Block, Inc. (together with its subsidiaries, "Block" or the "Company") creates tools that empower businesses, sellers, and individuals to participate in the economy. Block is comprised of two reportable segments, Square and Cash App. Square is a cohesive commerce ecosystem that helps sellers start, run, and grow their businesses, including enabling sellers to accept card payments, providing reporting and analytics, and facilitating next-day settlement. Square’s point-of-sale software and other business services help sellers manage inventory, locations, and employees; access financial services; engage buyers; build a website or online store; and grow sales. Cash App is an ecosystem of financial products and services focused on helping consumers make their money go further by enabling customers to store, send, receive, spend, invest, borrow, or save their money. Cash App seeks to redefine the world’s relationship with money by making it more relatable, instantly available, and universally accessible.

Block was founded in 2009 and has offices globally. The Company does not designate a headquarters location as it adopted a distributed work model in 2021.

Basis of Presentation
    
The accompanying interim condensed consolidated financial statements of the Company are unaudited. These interim condensed consolidated financial statements have been prepared in accordance with generally accepted accounting principles in the United States of America ("U.S. GAAP") and the applicable rules and regulations of the Securities and Exchange Commission ("SEC") for interim financial information. Accordingly, they do not include all of the information and footnotes required by U.S. GAAP for complete financial statements. The December 31, 2023 condensed consolidated balance sheet was derived from the audited financial statements as of that date, but does not include all of the information and footnotes required by U.S. GAAP for complete financial statements.
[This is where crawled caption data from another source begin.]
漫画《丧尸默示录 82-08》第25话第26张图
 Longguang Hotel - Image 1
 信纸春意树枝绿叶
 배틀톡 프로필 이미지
The accompanying unaudited interim condensed consolidated financial statements have been prepared on the same basis as the audited consolidated financial statements and, in the opinion of management, reflect all adjustments of a normal recurring nature considered necessary to state fairly the Company's consolidated financial position, results of operations, comprehensive income (loss), and cash flows for the interim periods. The condensed consolidated financial statements include the financial statements of Block and its wholly-owned and majority-owned subsidiaries, including variable interest entities for which the Company is deemed to be the primary beneficiary. All intercompany transactions and balances have been eliminated in consolidation. Minority interests are recorded as a noncontrolling interest, which is reported as a component of stockholders' equity on the condensed consolidated balance sheets. The interim results for the three and nine months ended September 30, 2024 are not necessarily indicative of the results that may be expected for the year ending December 31, 2024, or for any other future annual or interim period.

The information included in this Quarterly Report on Form 10-Q should be read in conjunction with the Consolidated Financial Statements and related notes in the Company's Annual Report on Form 10-K for the year ended December 31, 2023.
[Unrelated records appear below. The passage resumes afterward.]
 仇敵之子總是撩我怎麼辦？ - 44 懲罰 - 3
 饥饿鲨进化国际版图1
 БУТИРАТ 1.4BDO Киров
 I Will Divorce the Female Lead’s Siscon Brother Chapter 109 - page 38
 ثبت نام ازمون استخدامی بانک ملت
Adoption of ASU 2023-08 and Recasting of Prior Period

The Company early adopted Accounting Standards Update ("ASU") No. 2023-08, Accounting for and Disclosure of Crypto Assets ("ASU 2023-08"), in the fourth quarter of 2023 using a modified retrospective approach. ASU 2023-08 provides guidance on accounting and disclosure of crypto assets and requires an entity to (i) subsequently remeasure crypto assets at fair value at each measurement date with changes recognized in net income, (ii) present the changes in fair value separately from changes in the carrying amount of other intangible assets in the income statement, and (iii) present crypto assets measured at fair value separately from other intangible assets on the balance sheet. Prior to the adoption of ASU 2023-08, the Company's bitcoin investment was subject to impairment losses if the fair value decreased below the carrying value during the assessed period. Impairment losses on the Company's bitcoin investment could not be recovered for any subsequent increases in fair value until the asset was sold. Upon adoption of ASU 2023-08, the Company recognized a cumulative-effect adjustment increasing bitcoin value and retained earnings by $30.5 million as of the beginning of fiscal year 2023.
The adoption of ASU 2023-08 using a modified retrospective approach requires the Company to adopt the standard as of January 1, 2023. As such, the previously reported condensed consolidated financial statements for the three and nine months ended September 30, 2023 have been revised to reflect the adoption of ASU 2023-08. The following table presents the effects of these changes on the Company’s condensed consolidated statements of operations:

Three Months Ended September 30, 2023
As Previously Reported (i)
Adjustments (ii)
As Adjusted
Net income (loss) attributable to common stockholders (iii)
$(28,954)$(59,784)$(88,738)
Net income (loss) per share attributable to common stockholders:
Basic
$(0.05)$(0.10)$(0.15)
Diluted
$(0.05)$(0.10)$(0.15)
Nine Months Ended September 30, 2023
As Previously Reported (i)
Adjustments (ii)
As Adjusted
Net income (loss) attributable to common stockholders (iii)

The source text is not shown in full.